Four top use-cases for public cloud

So far in this series of blogs, Quocirca has made the case that any cloud platform, be it public or private, has to improve the way an application supports a business in some way and that the take-off of private cloud heralds an increasing uptake of public cloud, providing a usable set of open standards emerge. But, what is it about public cloud platforms that will make them so appealing?

There are plenty of doubts expressed in various surveys, especially in the areas of security and compliance. Quocirca believes that such doubts are often misplaced and will come back to these topics in future posts. However, negative perceptions have to be overcome not only by direct countering but by putting forward a positive case for public cloud that provide solid business reasons for its use. This post aims to do just that, by outlining four use cases for public cloud platforms that any business should find attractive:

  1. Public cloud as an application test bed. Applications are often developed on dedicated servers, rightly isolated from run time environments. Whilst most functionality can be tested in such environments, scalability cannot. Testing new code in run time environment is risky as it may impact the current actual live application. Some might be able to do this at night, but many applications now have to operate 24*7. Public cloud platforms provide an ideal platform for such testing. Resources can be allocated to make the test environment match the live one as closely as possible and new software put through its paces.
  2. Public cloud as a failover platform. Whatever the cost comparisons one comes up with for public cloud versus private cloud, one thing is certainly true; maintaining an un-used infrastructure stack for business continuity reasons in case the usual run time platforms fails is expensive and unnecessary. The same resource can be rented from a public cloud provider on the (hopefully) rare occasion it is needed. Having a public cloud provider on standby is a far more cost-effective way of having redundant infrastructure when disaster occurs.
  3. Handling peak loads. Many organisations have times of the week, month, year or just some unpredictable event that leads to an application having a far higher workload than is normal. When this is the case, having the excess capacity required on standby internally is expensive. Far cheaper is to have an arrangement with a cloud service provider that allows new application workloads to be provisioned at will. The service providers can cope with this because they have many customers with peak loads at different times and the reallocation of resources is possible at relatively low cost.
  4. Planning for unexpected success (or failure). Kicking off a new venture – for example a new retail web site or new social media application – is an unpredictable business. What if it takes off far faster than expected? What if it flops? There are plenty of examples of both. So, how much do you invest in the supporting infrastructure upfront? The answer is very little if a public cloud platform is used. The risk of the new venture is far easier to justify if the capital investment is minimised and, if you hit the jackpot, the fees to the cloud service provider may seem like chicken feed compared to the new revenue being generated. Such a capability should encourage more innovation within the organisation – more ideas can be tried out as the risk and cost of failure is minimised.

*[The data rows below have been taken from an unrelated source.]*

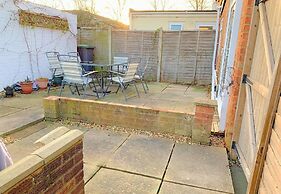 Bedford Road Garden Apartment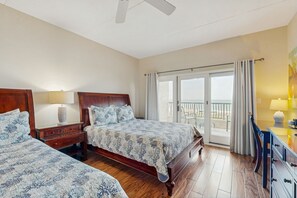 1 Schlafzimmer, Schreibtisch, Bügeleisen/Bügelbrett, Internetzugang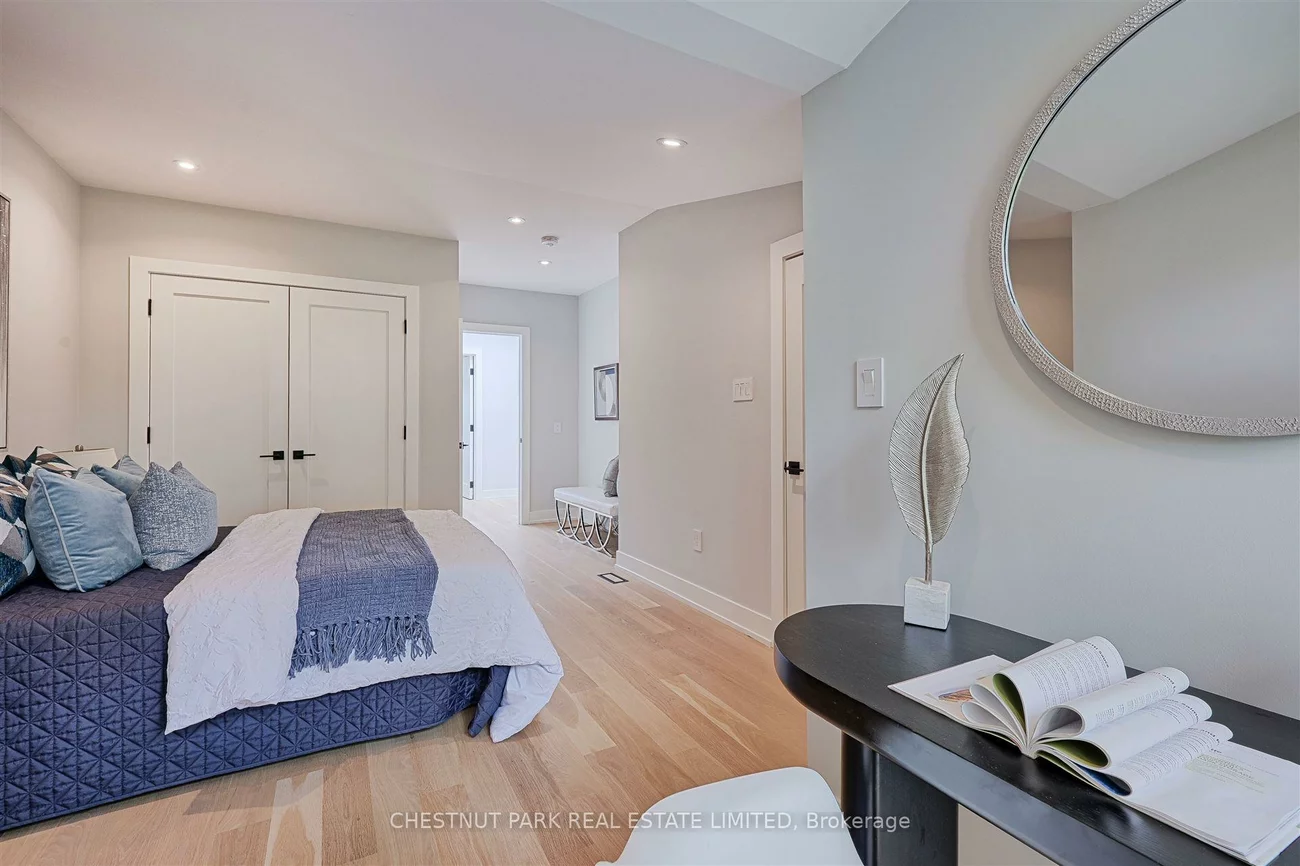 222B, Pearson, High Park-Swansea, Toronto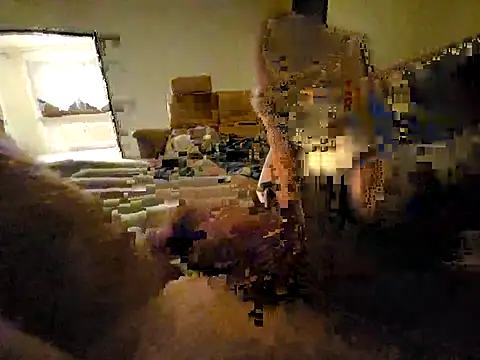 Snapshot of rezzzze chatting on 10/14/25, 05:47 rezzzze online show from 10/14/25, 05:47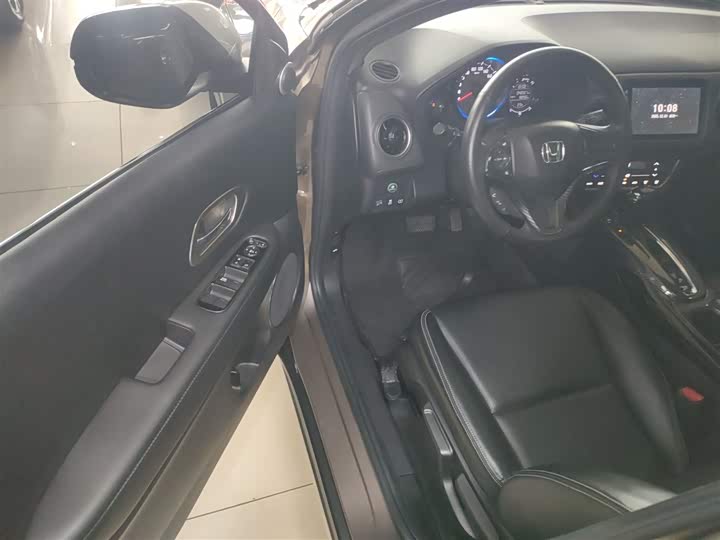 Фото 16 - Honda XR-V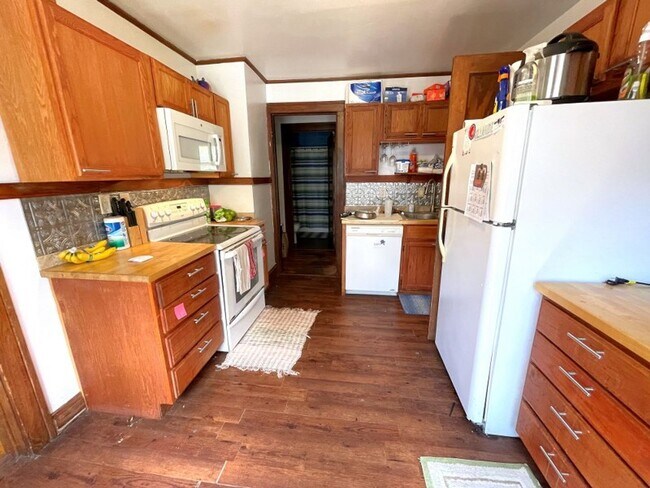 Building Photo - 151 Lathrop St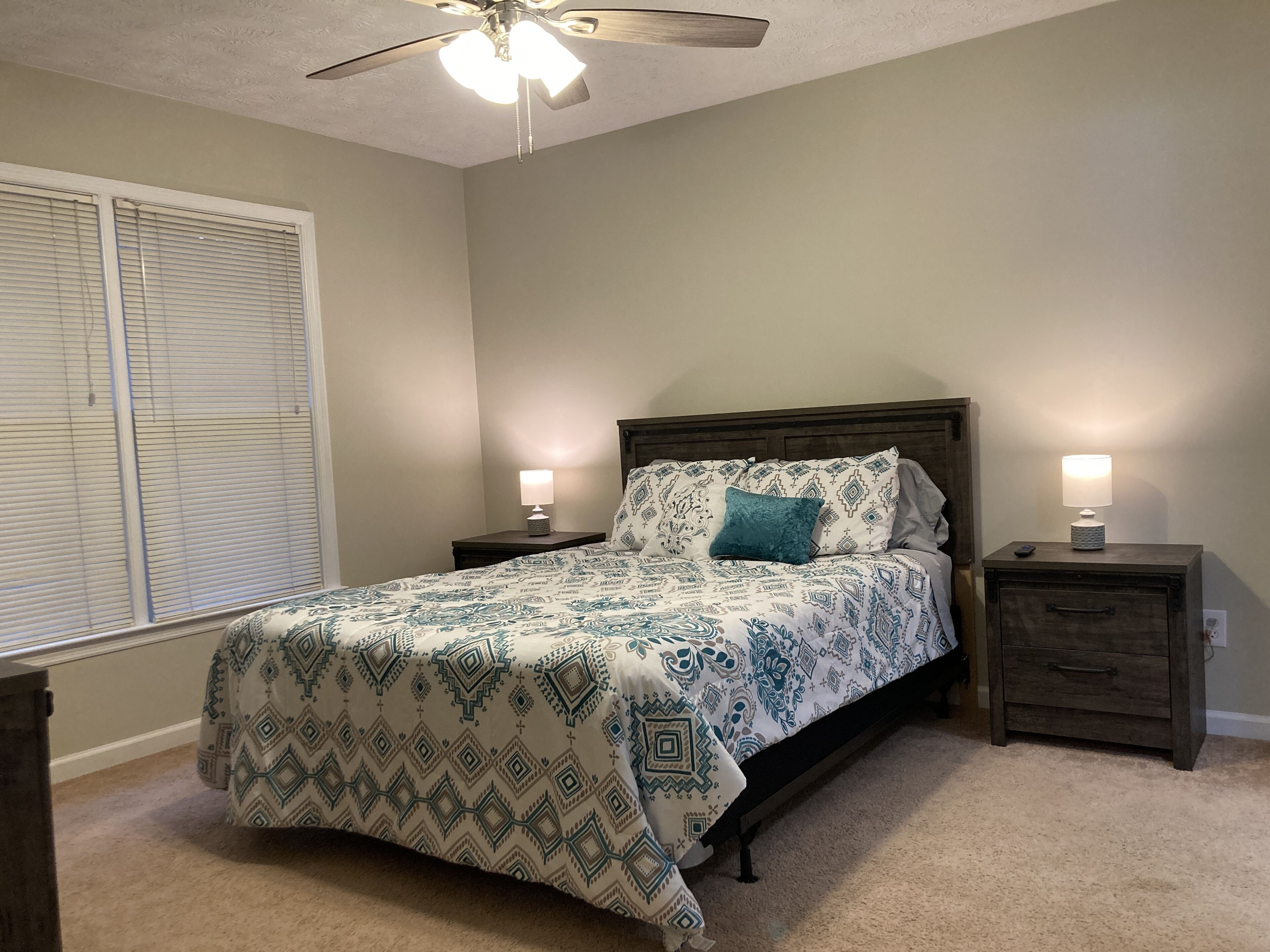 3 makuuhuonetta, työpöytä, Wi-Fi, vuodevaatteet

These use cases all stand up in their own right. Public cloud does not have to be cheaper per se, just more flexible. However, perhaps the best argument of all for using public cloud, especially for smaller businesses, is that increasingly does not make sense to run IT systems in-house. Whether it is the direct use of infrastructure-as-a-service (IaaS) or platform-as-a-service (PaaS) or their indirect use via a subscription to software-as-a-service (SaaS) provider, the long term promise of public cloud platforms seems assured.